A Japanese mother sent a letter to her adopted country. It’s deeply and profoundly relevant to our conversation on civility.

The Fox News of crowds and disruptions. My parents spent much of their lives living in Japan, where I grew up. Growing up, I had to be one of the well-behaved, quietest kids on…

A Japanese mother sent a letter to her adopted country. It's deeply and profoundly relevant to our conversation on civility.

The Fox News of crowds and disruptions.

My parents spent much of their lives living in Japan, where I grew up. Growing up, I had to be one of the well-behaved, quietest kids on the block to be accepted. When the Saturday bulletin rolled in, usually a face-to-face conversation about religion, I’d be kept home as a result of a simple complaint to the local bishop.

As a Japanese kid, those problems were often compounded. In the 1930s, I remember nagging neighbors sending me morning teas and once, a pack of security guards trying to tear me from my family’s living room while they counted the plates of rice they’d delivered that morning. This may seem like minor things, but a Japan I remember as a child didn’t have protections like hate crimes or civility laws. As a result, an eccentric neighbor could have come by and bludgeoned me to death if I hadn’t been able to bring enough of my relatives to the U.S. Embassy to sit on a couch and chat through the night.

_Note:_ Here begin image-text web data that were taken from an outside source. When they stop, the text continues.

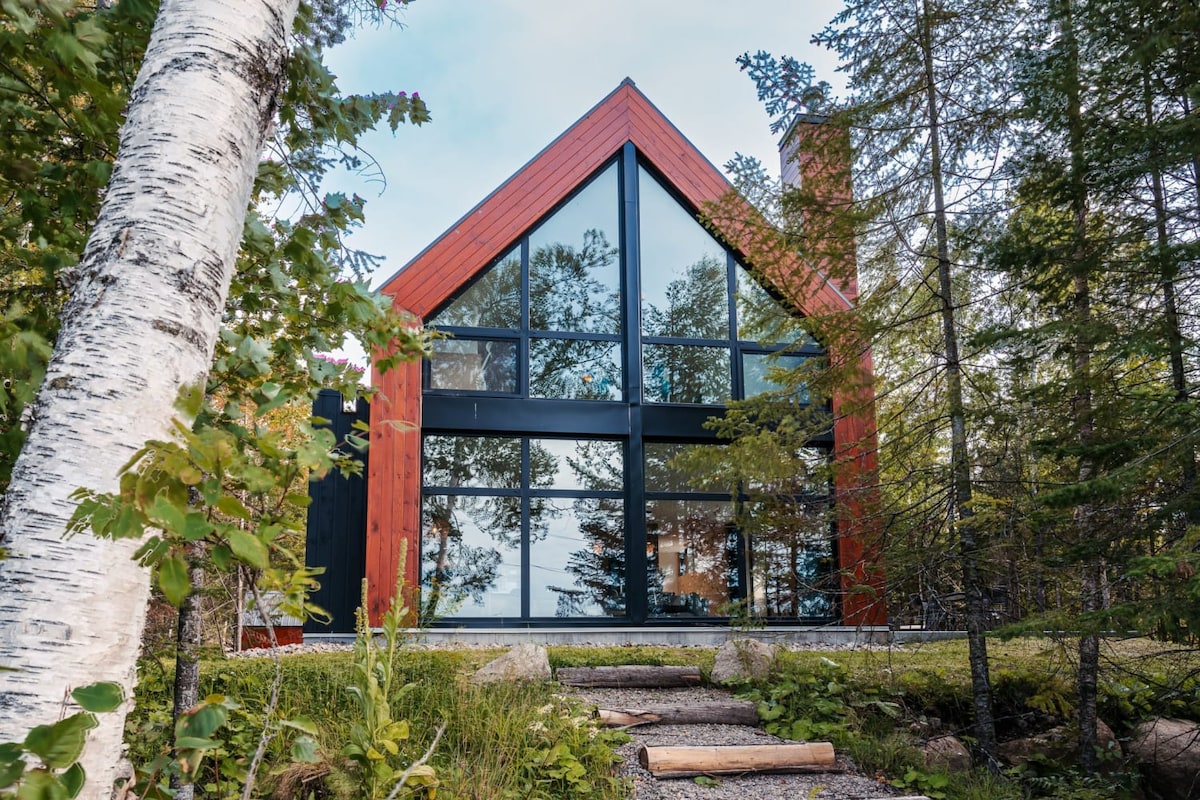The chalet features an A-frame design, with large glass windows reflecting the surrounding trees. A stone path leads from the greenery to the entrance, which is framed by vibrant foliage, inviting guests to explore the natural beauty of the location.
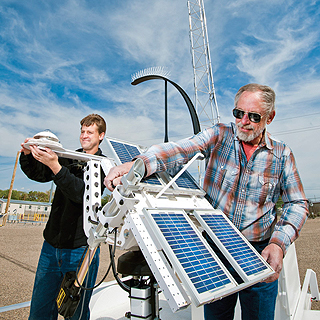 Image of <p>WEATHERWISE — Tim Leonard, right, owner of Precision Solar Technologies Corp., and the company’s project engineer, Tony Louderbough, do final adjustments on the instrumentation of a trailer-mounted solar weather station, called the Prospector Mule, at Sandia Labs. Precision Solar uses a tracking technology developed at Sandia. (Photo by Randy Montoya) <a href="/news/publications/labnews/archive/_assets/images/12-15-06/solartrak.jpg">View large image</a>. </p>
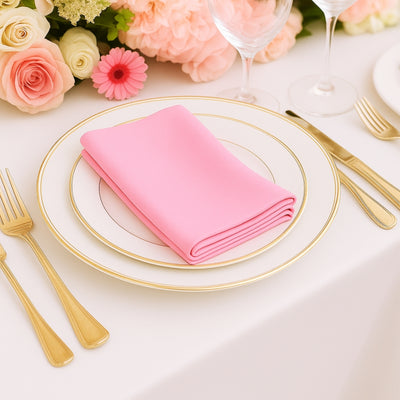 Pink napkin on a gold-rimmed plate, set for an elegant dining experience.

Years later, I’d return to Japan and had to again face those same neighbors. This time, the neighbors were respectful. They offered to tutor me and kept their distance.

This tale is well known in Japan. In spite of the risk to myself and my family, I’d had to figure out for myself what was acceptable and what wasn’t. To this day, I respect the value of civility in Japanese society.

What started out as a joyful observation about progress turned into a post about me and what’s been normalized in today’s America. It was my desire to help to explain what’s so wrong with those words and to create a discourse on what it means to engage in disagreement with someone when you respect their perspectives.

The anger with which I now refer to those words came to a head last week, when I was arguing against those words on Twitter. The backlash has been nothing short of vitriolic.

Indeed, I posted that the words needed to be normalized. Some attacked me for being out of touch, while others condemned me for having an opinion that ran counter to liberal values.

But that was in response to what I deemed absurd rhetoric. And I felt that anyone who argued those words were out of touch with their value.

This isn’t about whether or not those words need to be normalized. They already are, because they’re right. They are uncivil. They are sad. They are divisive. They are destructive to relationships between different groups of people. When people take the time to decry public anger and begin to dismiss it, this society is in bad shape. In fact, the reactions I was directed toward by many of my online critics inadvertently confirmed why.

In order to recognize our personal power as adults, we have to care more about one another than we do our own egos or opinions.

Let’s not use words that silence each other, that punish dissent, that strengthen the hate and anger we’re already living with. The last thing we need is more vitriol.

The lesson I’d like for people of all sides to take away from this story is the importance of civil and honest conversation. While we can talk loudly about issues, we should not be so quick to dismiss others’ views as bogus. Everyone should have the right to be heard, no matter what the discussion.

When my parents moved to the U.S., the reaction was great. It was fear of their radical religion and desire to educate me, given a multiracial environment and culture of respect and tolerance.

The sadness I feel today is that those values are changing. We believe that disagreement is unproductive and gives us the power to shut someone down.

We think that talking about differences will only make us more divided and pits us against one another. It’s important to remind people that if we stop talking, we will be more likely to act in a manner that damages ourselves and others.

It’s time for us to find a balance between expressing frustration and tone and take responsibility for what we do and how we do it.

To argue strongly that something is wrong with or counterproductive to our current understanding of social codes or our belief system, isn’t just oversimplifying. The discussion that needs to happen is uncomfortable but necessary to find the middle ground to avoid more violence and more division.

If we lose that balance, it’s going to be even harder to reverse the growing divisiveness in our country.

As my mother often told me: “Be patient with yourself. Be patient with others.”

Amanda Nguyen is a Washington Post columnist and the author of the novel “The Stronger I Am.”